Strong Operating Metrics Despite Litigation Charges

Visa (NYSE: V) reported its fiscal second quarter 2025 results, demonstrating resilient consumer spending and solid core growth across all major business lines despite litigation-related expenses.

Key Highlights (GAAP vs.

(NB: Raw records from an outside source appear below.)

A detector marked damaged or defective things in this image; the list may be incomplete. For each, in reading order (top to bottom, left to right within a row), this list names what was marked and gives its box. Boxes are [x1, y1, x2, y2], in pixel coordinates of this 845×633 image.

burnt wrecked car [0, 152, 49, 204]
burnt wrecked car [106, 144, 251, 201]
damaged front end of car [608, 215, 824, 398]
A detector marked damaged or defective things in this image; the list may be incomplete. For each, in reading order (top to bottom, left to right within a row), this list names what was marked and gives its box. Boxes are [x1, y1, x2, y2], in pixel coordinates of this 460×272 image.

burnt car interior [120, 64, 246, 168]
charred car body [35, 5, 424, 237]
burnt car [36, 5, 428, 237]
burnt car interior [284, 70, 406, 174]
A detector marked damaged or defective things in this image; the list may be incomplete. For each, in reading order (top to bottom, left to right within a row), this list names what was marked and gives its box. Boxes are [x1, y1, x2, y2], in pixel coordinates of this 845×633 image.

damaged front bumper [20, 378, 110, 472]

Non-GAAP)

Metric GAAP Result YoY % Change Non-GAAP Result YoY % Change
Net Revenue $9.6B +9% — +11% (CC*)
Net Income $4.6B -2% $5.4B +6%
Earnings Per Share (EPS) $2.32 +1% $2.76 +10%
Operating Expenses $4.2B +22% $3.1B +7%
Effective Tax Rate 15.8% flat 16.9% +1 ppt
Processed Transactions 60.7B +9% — —
Cross-Border Volume (ex-EU) — +13% — —
*CC = Constant Currency

Operational Drivers
Payments Volume: +8% YoY (constant-dollar)

Cross-Border Volume (ex-EU): +13% YoY

Data Processing Revenue: +10% to $4.7B

Service Revenue: +9% to $4.4B

International Transaction Revenue: +10% to $3.3B

Client Incentives: $3.7B, up 15%

Significant Items Impacting GAAP Results
$1.0B litigation provision (vs. $430M last year) related to interchange MDL.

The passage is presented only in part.